本当の「通信と放送の融合」 | IT徒然草 (gaia)

本当の「通信と放送の融合」

ライブドアvsフジテレビの時によく話題になった「通信と放送の融合」。

いまだに具体的なイメージが沸かないが、少しずつ進展していると思う今日この頃。



■初のサービスから3年経過したものの・・・


最初にビジネス化を始めたのは「BB TV」だと思う。2002年12月だ。

Yahoo! BB会員向け「BBケーブルTV」が商用サービス開始(Impress Internet Watch)


これは「ADSL・光を通してTVを見せる」というものである。

見る装置はTV。CATVみたいなものだ。


それと、同じくソフトバンクの「無線TVパック」。

ソフトバンクBB、1Gbpsの光ファイバサービス「Yahoo! BB 光」

これは、「テレビアンテナに無線TVBOXなる専用装置を接続し、テレビでもパソコンでも地上波を見せる」というもの。

パソコン型エアボード(SONY)と思えば良い。


その後3年が経過・・・。


TVの世界では地上波デジタルが普及し始め、パソコンの世界では「Yahoo!動画」や「GyaO」などのVODサービスが充実。

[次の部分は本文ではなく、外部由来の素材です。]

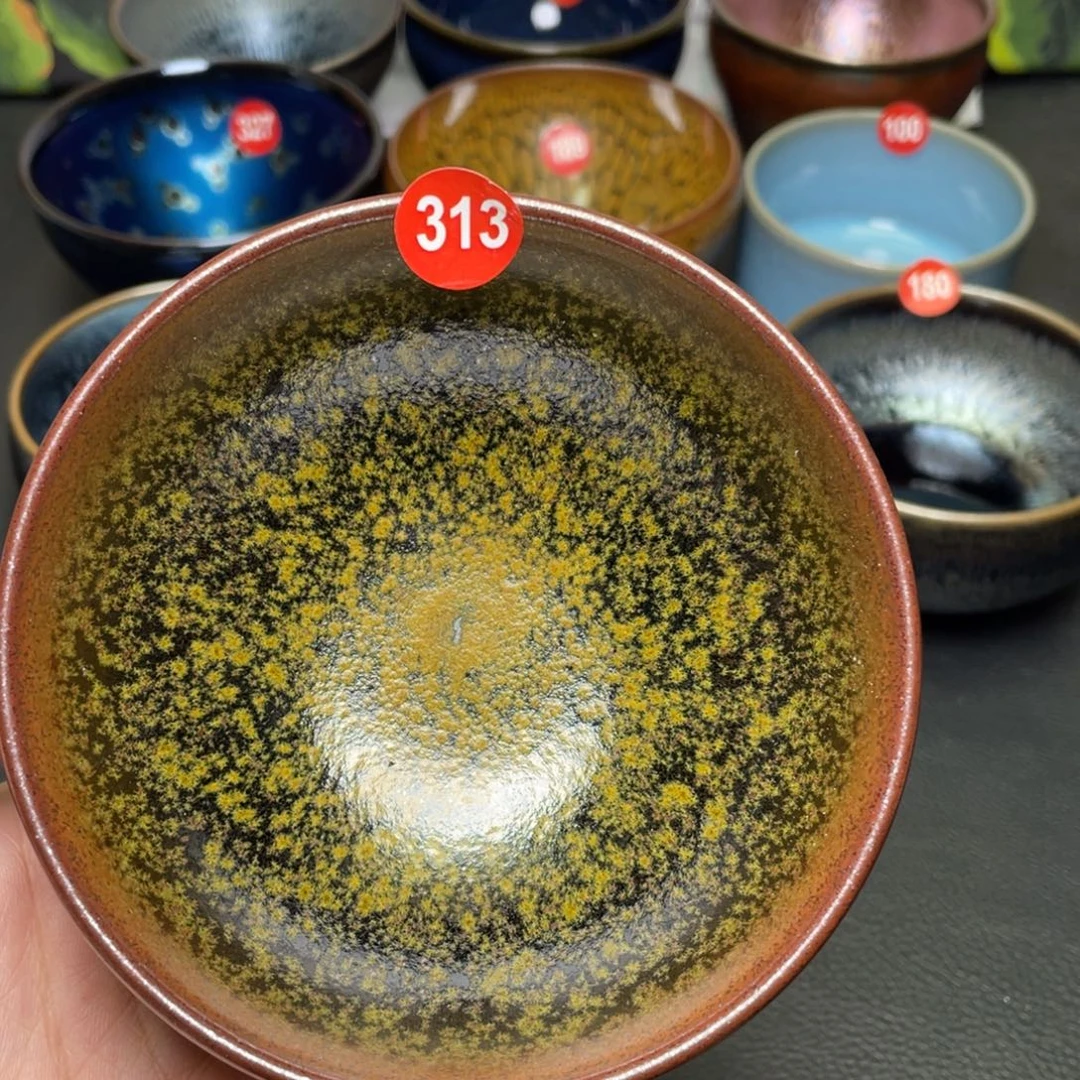 茶盏313建窑建盏茶盏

(音楽好きの私は、GyaOでTOTOのライブを無料視聴できて嬉しい限り)


かなり双方が近づきつつある(クロスオーバーする)感じがする。


しかし、現状はあくまで「TVが放送局と通信する機能を持った」「通信回線がTV伝送路となった」といった範囲に過ぎない


これが本当の「通信と放送の融合」なのだろうか?



■私が思う「本当の通信と放送の融合」


私が「通信と放送の融合ってこういうことだなぁ」と思うのは、2ちゃんねるの実況掲示板(番組ch)だ。

2ちゃんねる 番組ch(フジ)


知らない人のために解説すると、言わずと知れた2ちゃんねるの「TVを見る人用の掲示板」である。

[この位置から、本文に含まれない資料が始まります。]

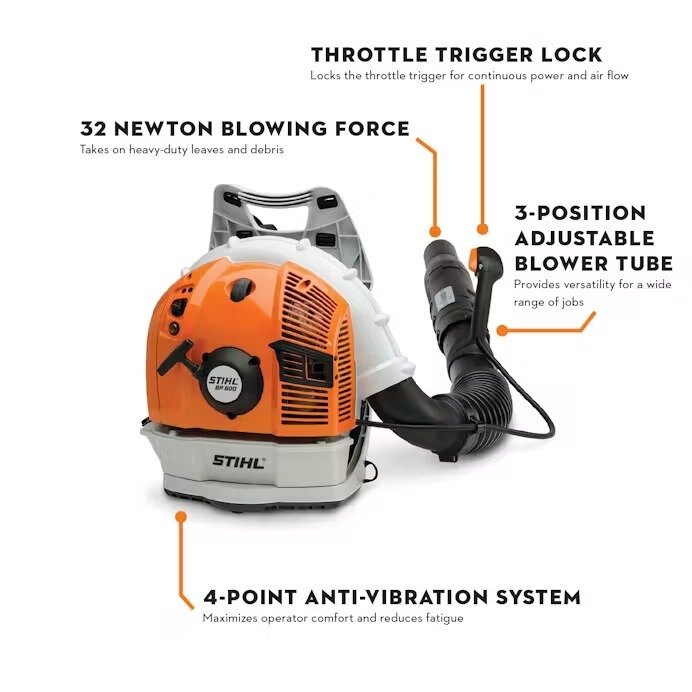 STIHL BR 600 4 MIX BACK PACK BLOWER MAGNUM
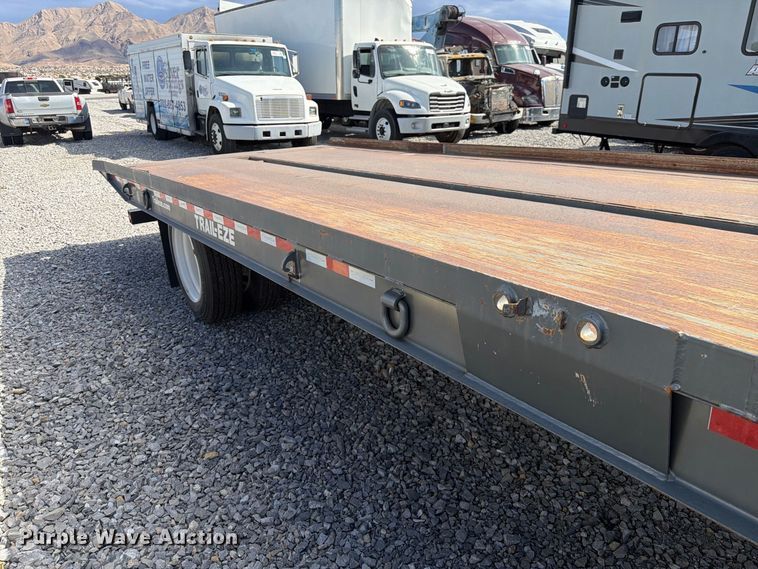 image for item YA5124 2020 Trail-eze TE12CF tilt deck equipment trailer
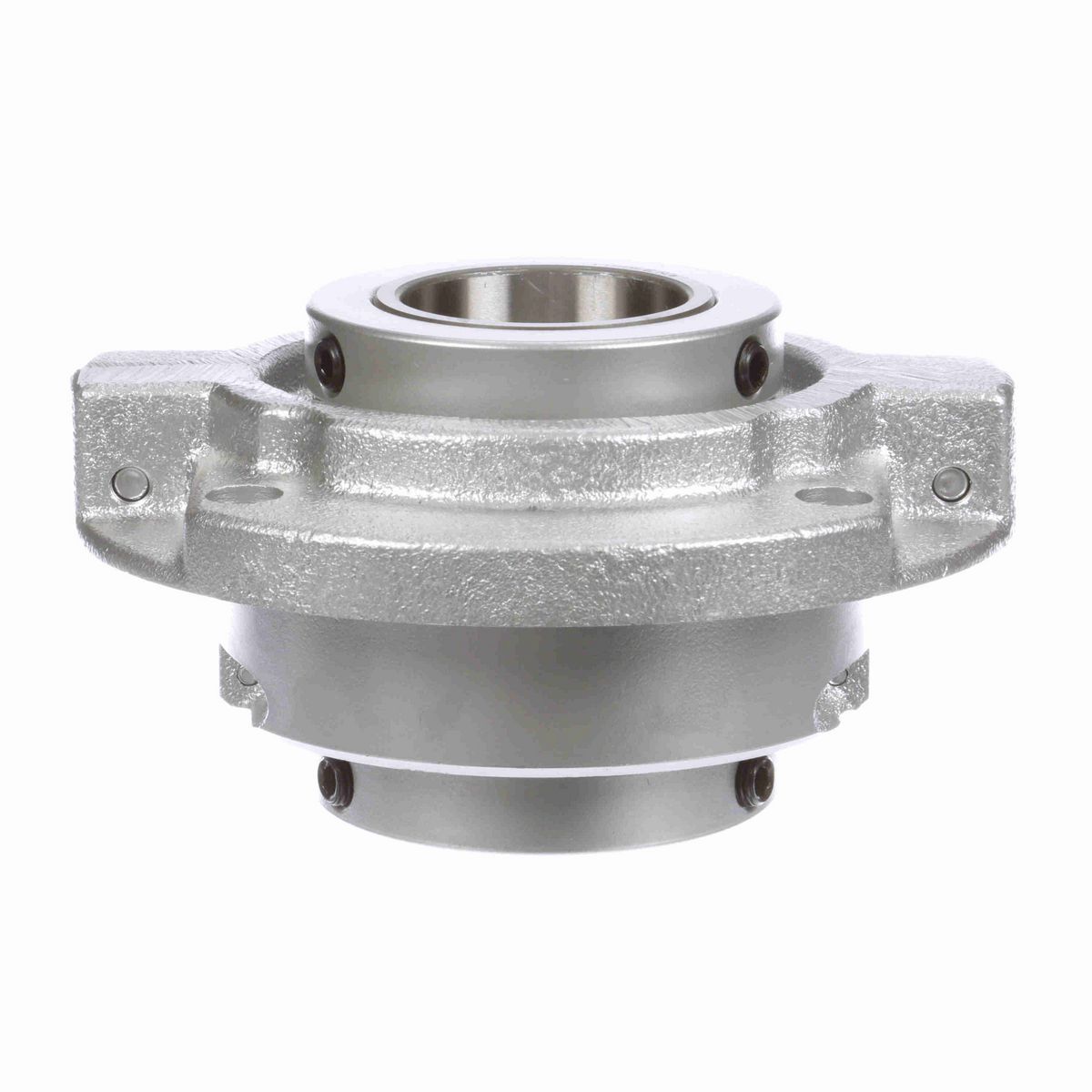 Sealmaster Mounted Flouropolymer Coated Cast Iron Piloted Flange Tapered Roller - 52100 Bearing Steel - Double Collar Mount Lock - RFP 303C CR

TVを見ながら「あーでもない、こーでもない」と住人が掲示板に書き込むのである。


「ふーん、ただの掲示板じゃん」と言う人も多いとは思うが、なぜ私が「本当の通信と放送の融合」と思うか。


それは、日本中が同じTV放送を見ながら盛り上がり、感想を持ち、情報交換をし、意見を戦わせる、という場であるからだ。

(実際、面白い番組・突っ込み甲斐のある番組にはもの凄い勢いで書き込みがある)


元来、通信とは1対1のものだったが、現代の通信はn対nのマトリックス的なもの。まさに意見が日本中を駆け巡る。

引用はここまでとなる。